Pour les listes de noms établies par Dimitri et son assistante familiale, qui ont fait apparaître un "Dany legrand en Belgique" et entraîné l'arrestation de deux Daniel Legrand, l'avocat général a une autre théorie. Celle de la "pensée magique". Quand l'enfant dénonce les viols de ses parents, "il continue à aller faire des dodos chez papa et maman. Alors il va accuser d'autres adultes et ça va marcher, le juge des enfants suspend définitivement les droits de visite", explique Stéphane Cantero. Puis, "quand il comprend que ses parents, qu'il aime malgré tout parce que c'est ambivalent, vont rester longtemps en prison, il fait une deuxième liste". "Il n'y a pas de raison pour que papa et maman soient les seuls à être punis", dit-il à sa "tata".

Les enfants Delay à l'époque de l'instruction et des deux premiers procès n'ont jamais accusé Daniel Legrand fils. Pourquoi le faire aujourd'hui ? "Les enfants Delay ne mentent pas, ils se trompent. Les images, les flashs, ce sont des souvenirs reconstruits", tranche le magistrat du parquet. En cause, selon lui, le traumatisme lié aux sévices et aux viols subis dans leur enfance, mais aussi à la procédure, qui les a "maltraités". Avant le procès, "tout ce qu'ils disaient devenait vrai. Arrivés à Saint-Omer, ce n'était plus le cas. On a commencé à questionner leur parole, rappelle Stéphane Cantero. Et pire, madame Badaoui, pour se disculper, va accuser devant la France entière ses enfants [d'avoir menti]. Mais quelle mère, quelle mère !" a-t-il clamé dans une salle aux aguets. 

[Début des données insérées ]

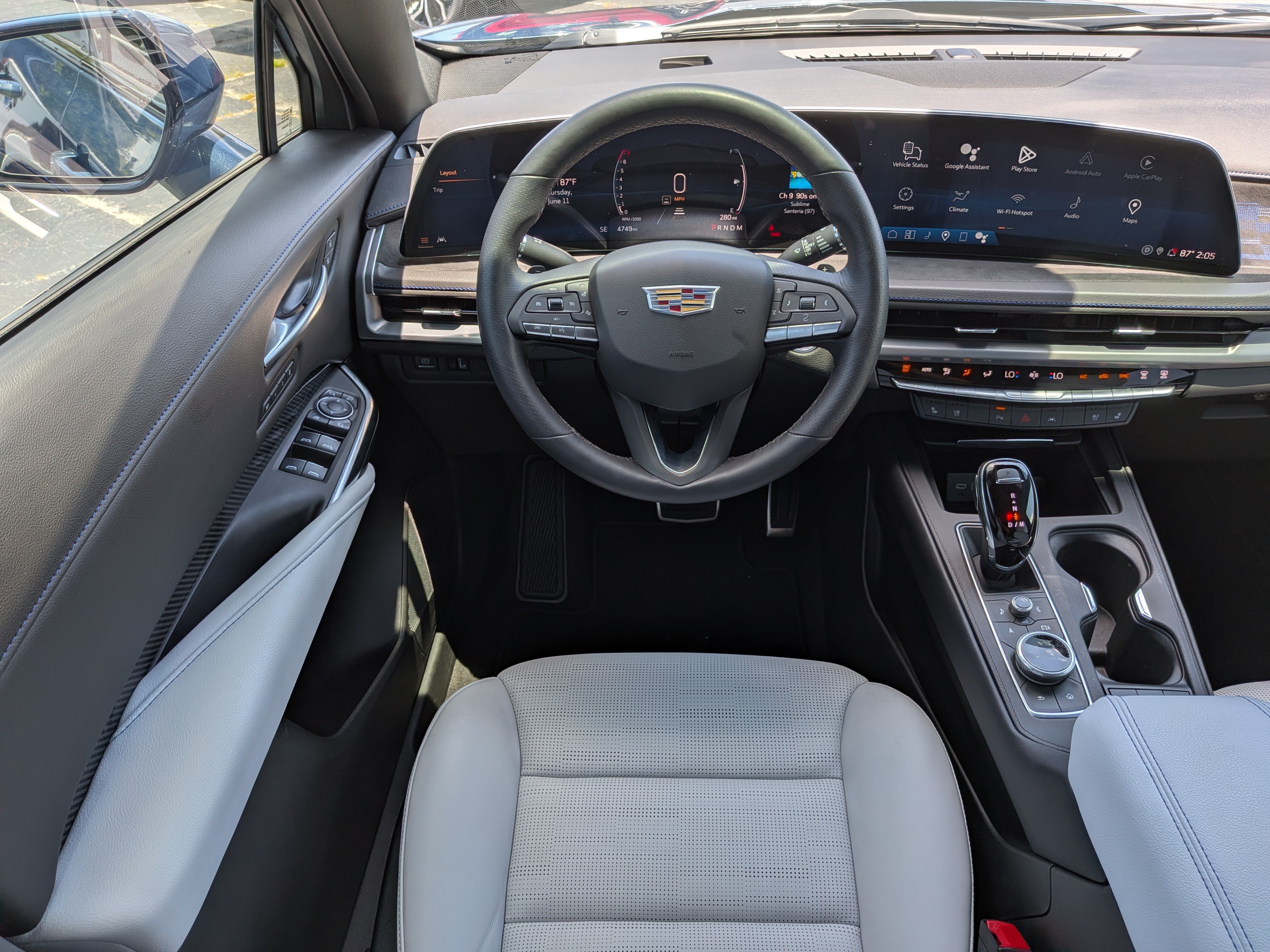 Certified 2024 Cadillac XT4 Sport FWD image 14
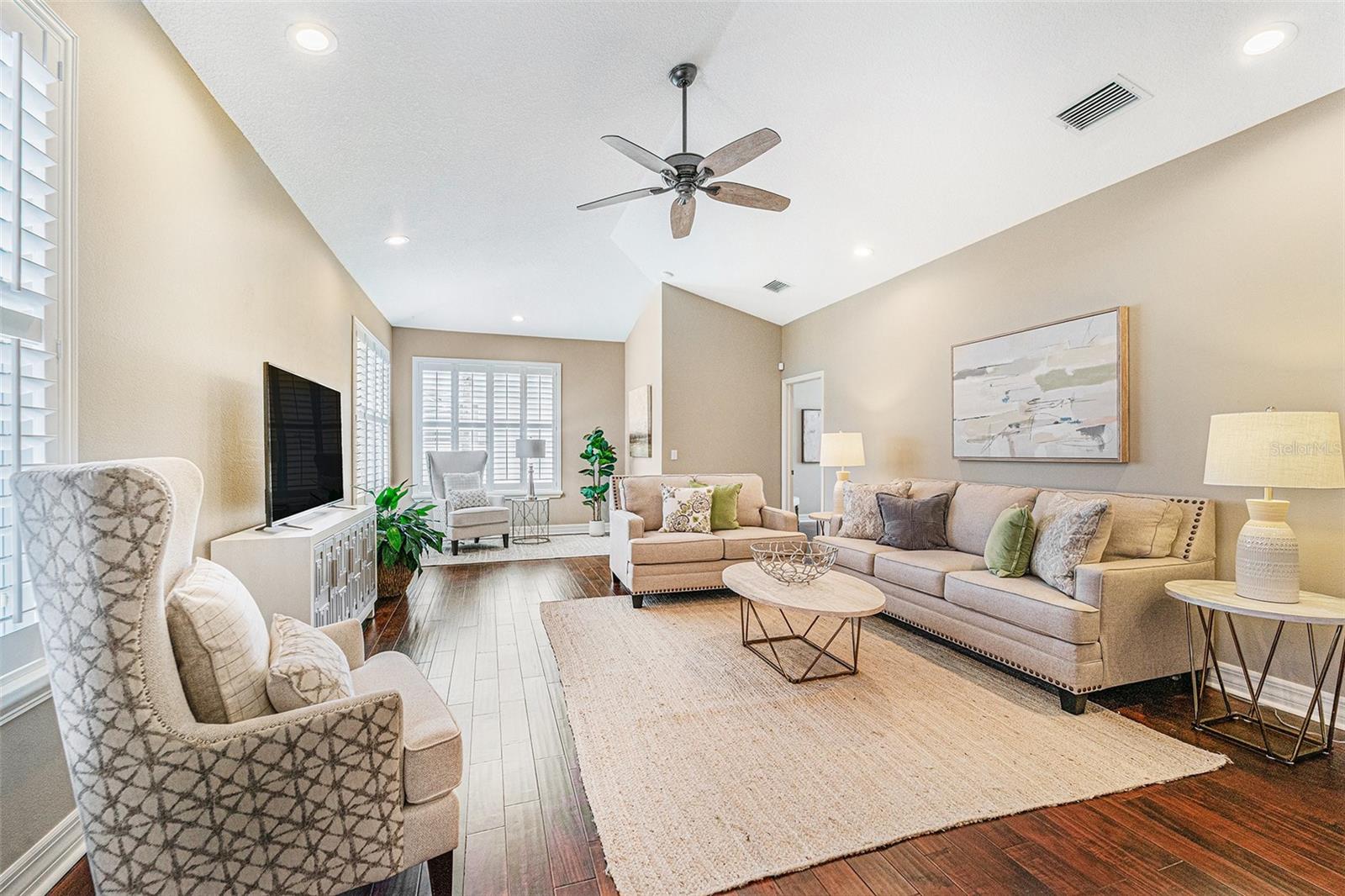 2112 CLIMBING IVY DR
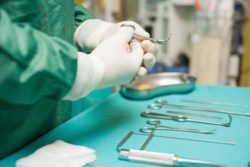 surgeon deals with symptoms of hernia mesh problems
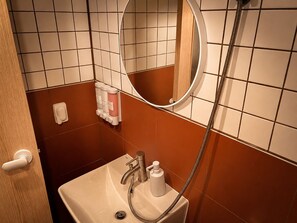 Shower, hair dryer, towels, soap - Mellow Stay Hotel Hongdae (Seoul)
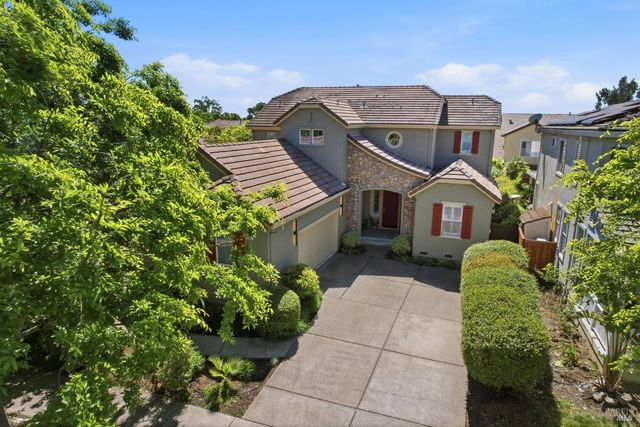 925 Pinot Noir Way, Windsor, CA 95492
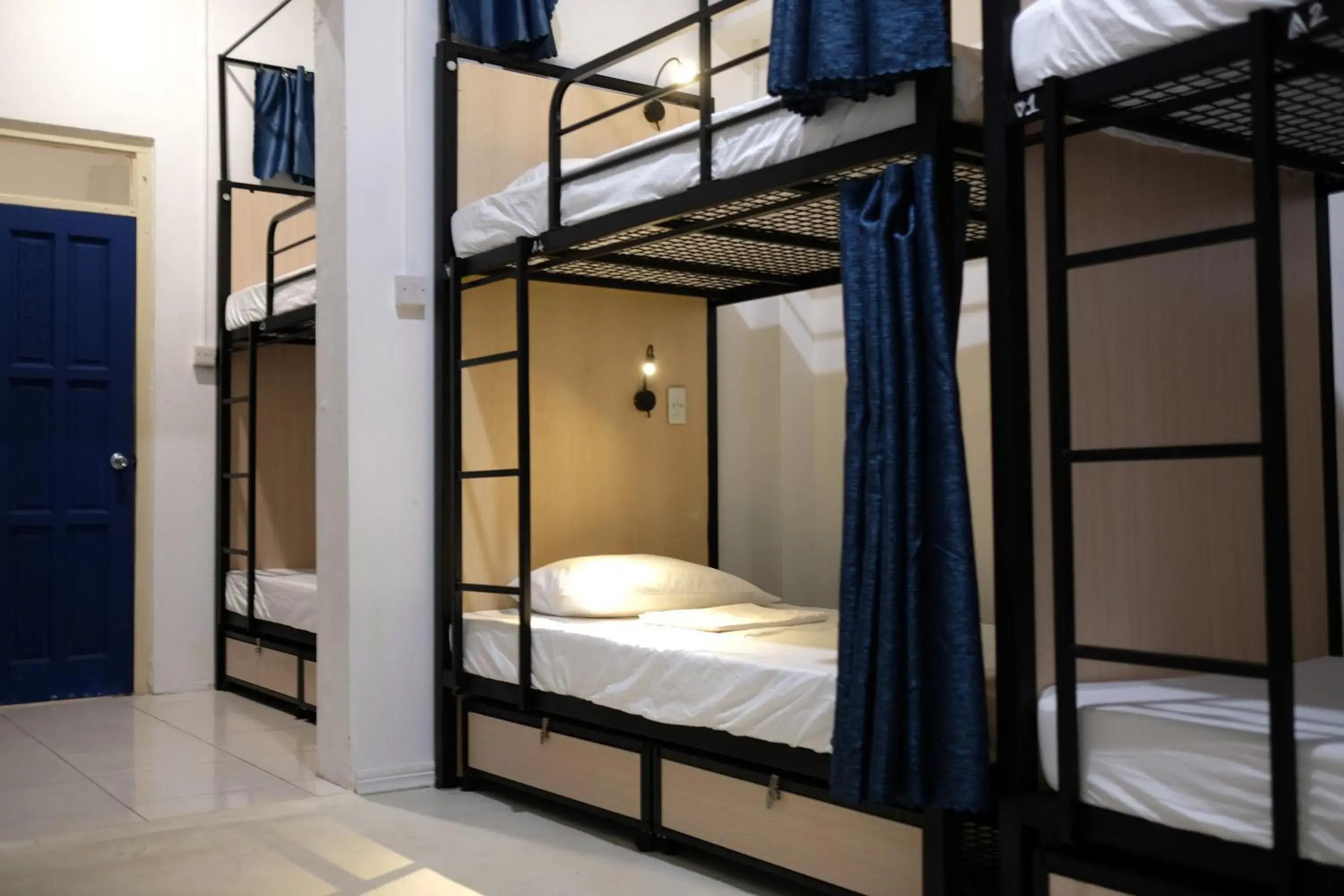Bed in 6-Bed Female Dormitory Room in Ragamuffin Hostel Bed in 6-Bed Female Dormitory Room in Ragamuffin Hostel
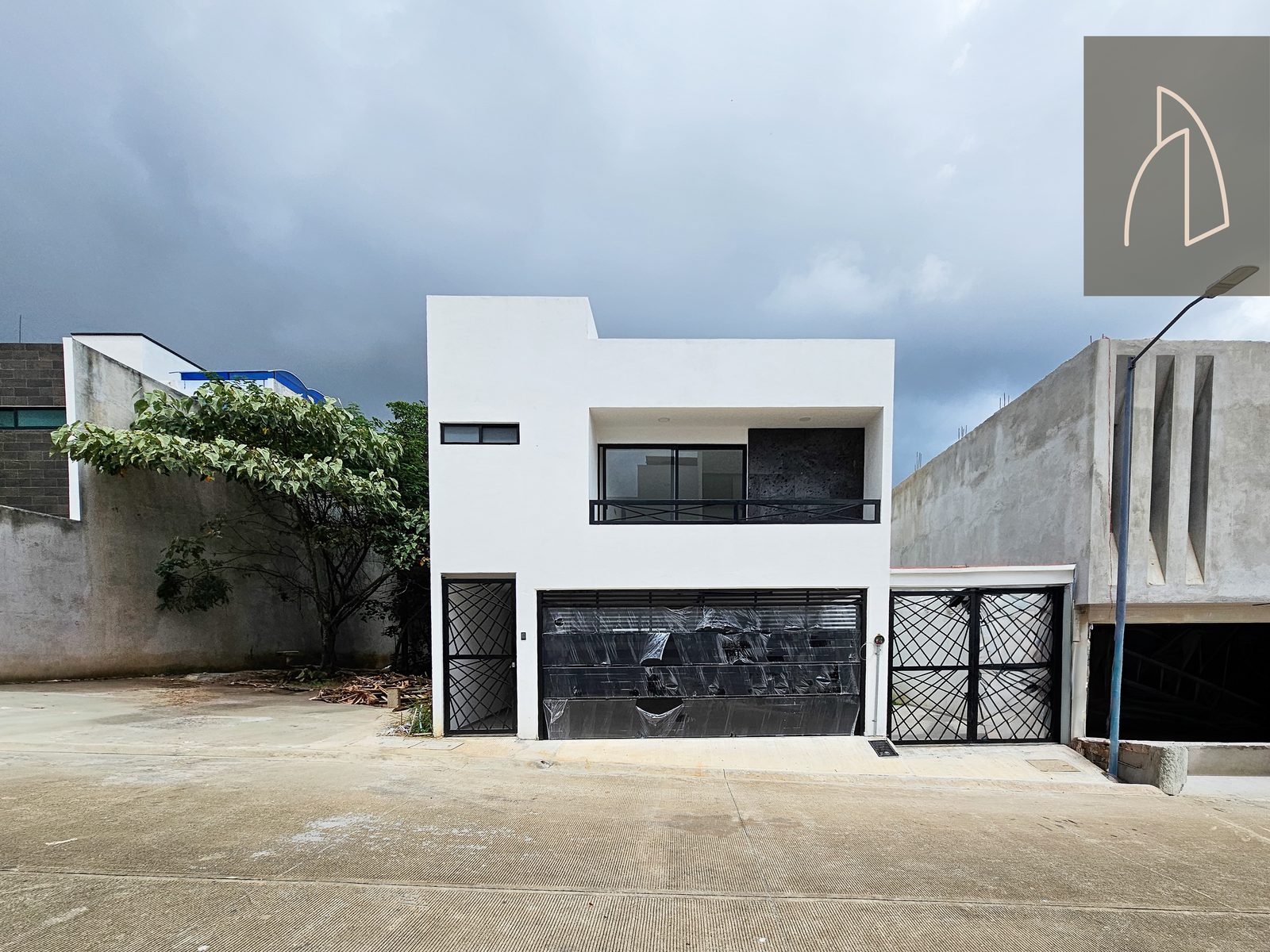 Casa LUMINA • En Venta Fraccionamiento la Finca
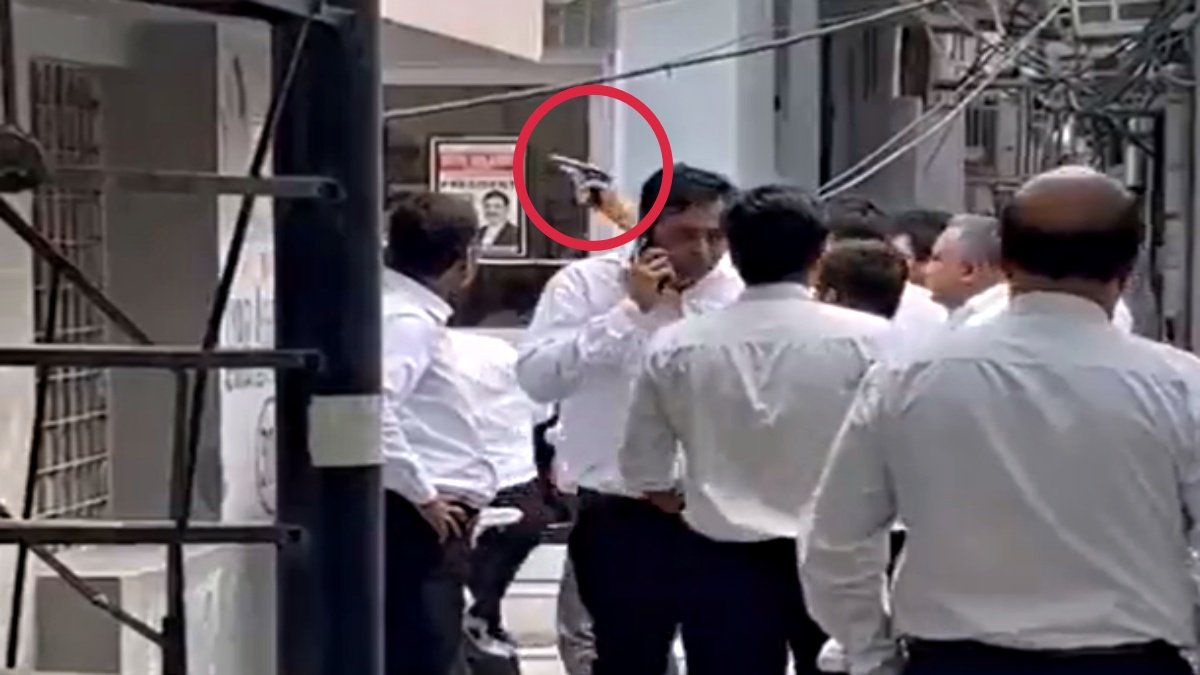 Firing outside Tis Hazari court in Delhi, fierce gunfire between two groups of lawyers, watch video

"La peine d'incarcération de Myriam Badaoui, ça lui a fait du bien, considère le magistrat. Quand elle dit à Jonathan d'arrêter de vivre sur l'erreur, là, peut-être qu'elle fait preuve de ce qu'on attend d'une mère." L'avocat général se tourne vers Jonathan, le seul des trois frères présent aujourd'hui sur les bancs des parties civiles : "Il est temps, vraiment, que vous retrouviez votre vie." Le jeune homme quitte la salle sur ces mots. A Daniel Legrand, qui écoute attentivement depuis le début du réquisitoire, Stéphane Cantero déclare : "Je souhaite vraiment que vous vous en sortiez de tout ça." Ses avocats, dans leur déclaration, lui souhaitent également de pouvoir "enfin se promener la tête haute, comme tous les autres acquittés". Le verdict est attendu vendredi.